Ben buraya bir liste yapmak amacında değilim ama bir kaç örnek de vermezsem yukarda söylediklerim havada kalır....
-Deniz Feneri olayı; Hadi diyelim Türk yargısına güvenilmedi, taraflı bulundu, peki o içinde dahil olmak istenen Avrupa Topluluğu’nun en önemli üyesi olan Almanya’nın da mı hukukuna güvenmedik... Ne yaptık olayın kahramanına?

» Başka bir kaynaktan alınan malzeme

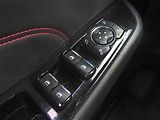 Ford S-MAX (2019) ST-Line 2.0 EcoBlue - náhled 17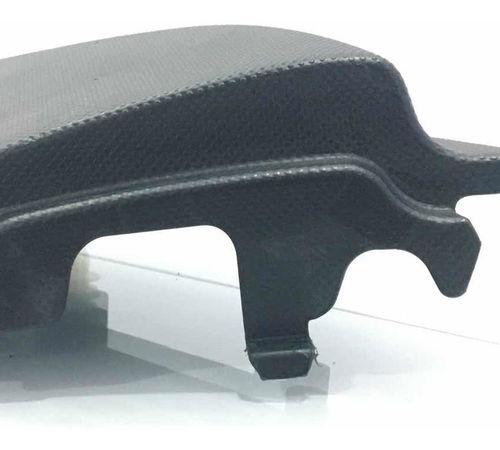 Acabamento Interno Retrovisor Esquerdo Toyota Corolla 2015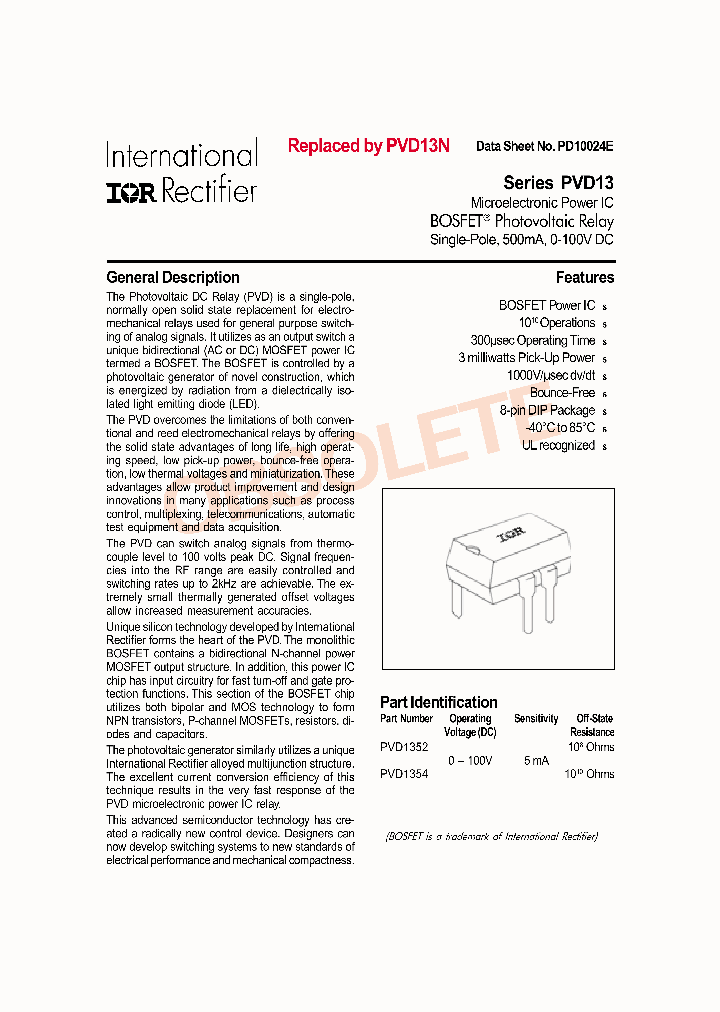 2558_965106.PDF Datasheet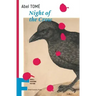 Night of the Crow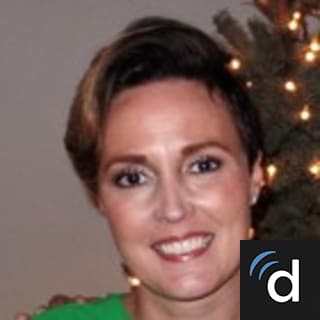 Stephanie Sanders, Family Nurse Practitioner, San Antonio, TX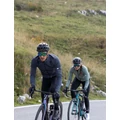 Kép 3/6 - BICYCLE LINE NEBULA kabát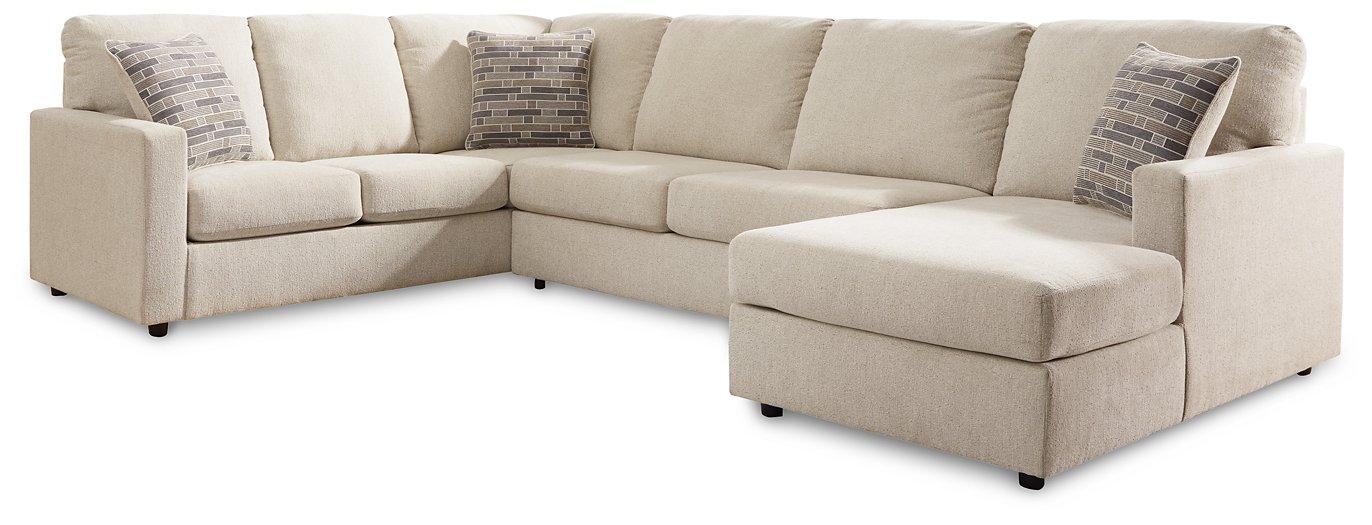 Edenfield Living Room Set - homePLUS (Binghamton, NY)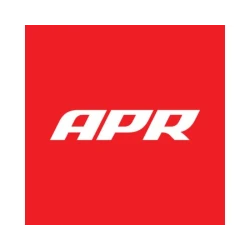 APR Wheels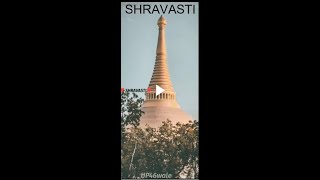 The Great Shravasti [upl. by Ayaj758]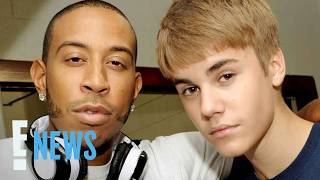  Justin Bieber Reuni dengan Ludacris di Pesta Super Bowl, Nostalgia “Baby” Setelah 16 Tahun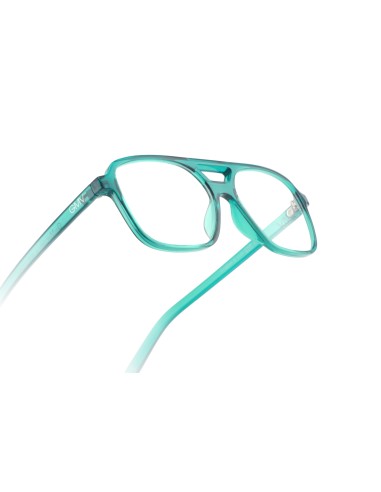 GianMarcoVenturi Occhiali da Lettura Livorno Verde +3,50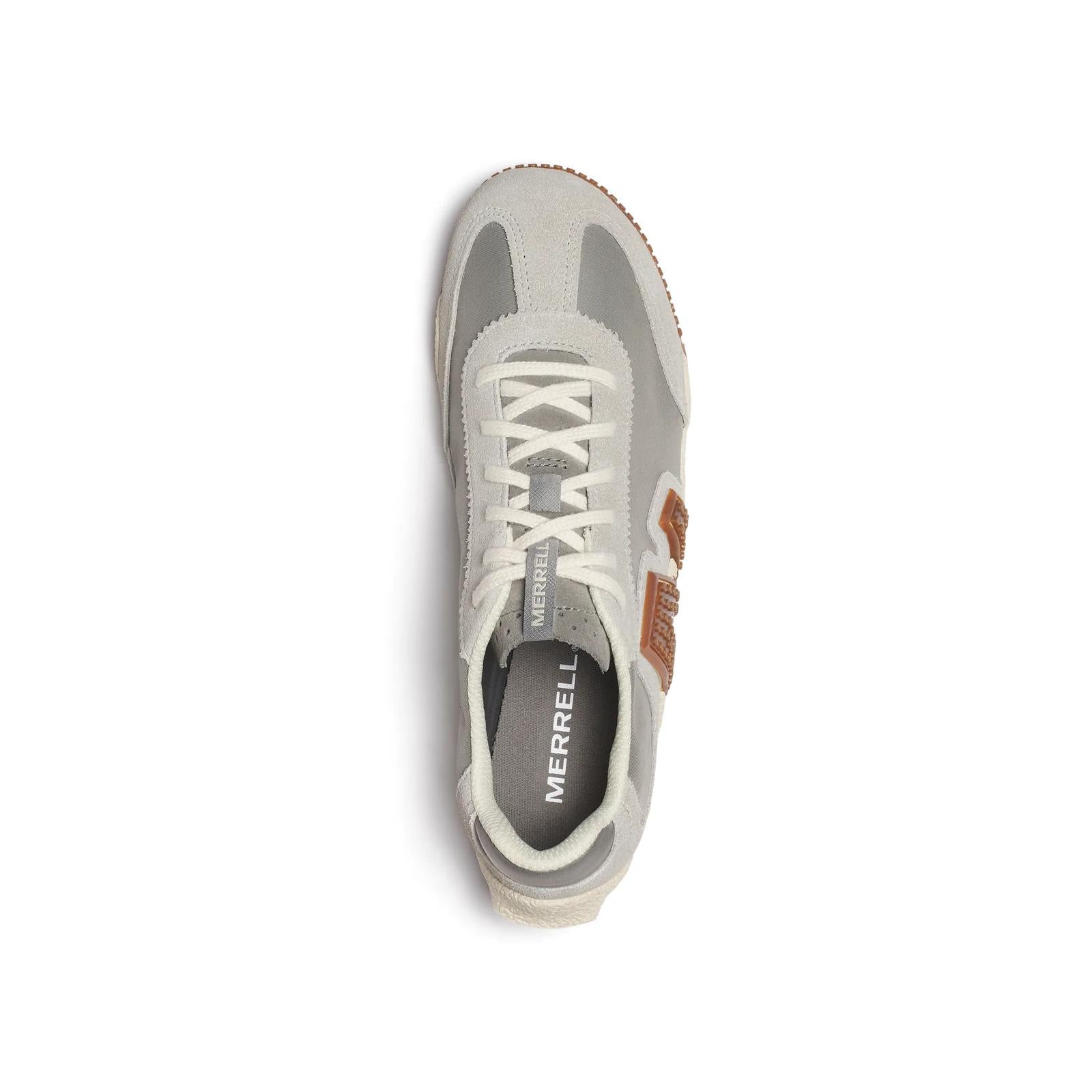 Merrell Women's Relay Fly Vent Talus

- Cumhurbaşkanlığı seçimi mesela,
-Rektör atamalarında gözümüzün içine baka baka en az oyu alan kişileri Cumhurbaşkanı marifetiyle tayin etmeler,
- Medya üzerinde yapılan baskılar. Hem “Bi taraf olan, bertaraf olur” denecek, hem de “taraf” olup ama aynı taraf olmıyanlar üzerine tüm saldırı okları atılacak. Aslında demek istenen şuydu galiba “Ya bu taraf olursunuz, ya bertaraf olursunuz”
-Kurumları ele geçirme politikaları mesela, YÖK, TRT daha sonra Yargı, şimdi ÖSYM.
Bunca yıldır ÖSYM, sınav yapar. Zaman zaman bazı aksaklılar mutlaka olmuştur ama “soru çalmak” yani; hırsızlık yapmak, çalışanın hakkını yemek, “kul hakkına göz dikmemk” hiç olmamıştı. Tıpkı daha onlarca, belkide yüzlerce daha önce hiç olmamış olayların bu dönemde olduğu gibi. Sonuç ne oldu. Eski başkan gitti, anında yenisi tanadı. Kim atandı peki?. .....
Bu aşamada ilk yapılan değişim ne ?
Milli Eğitim Bakanlığı “Öğretmen Seçme Sınavını” kendisi yapacak?
Bilginin ve becerinin ikinci planda olduğu “taraf” olmanın ön planda olduğu bir ülkede. Bu imtahana kim girecek ? Bu ülkenin Üniversitelerinde eğitimini tamamlamış olan yeni mezunlar.
İmtahan neden yapılır ? Seçmek için ya da elemek için
Madem seçeceksin o zaman neden üniversitedeki mezuniyet ve başarı değerlerine bakmıyorsun da yeniden imtahan ediyorsun?
Ben listeye ek yaparken aldım başımı gidiyorum..
Dedim ya Başbakan haklı gizli gündemi yok. Emin adımlarla gidiyor hedefine!!!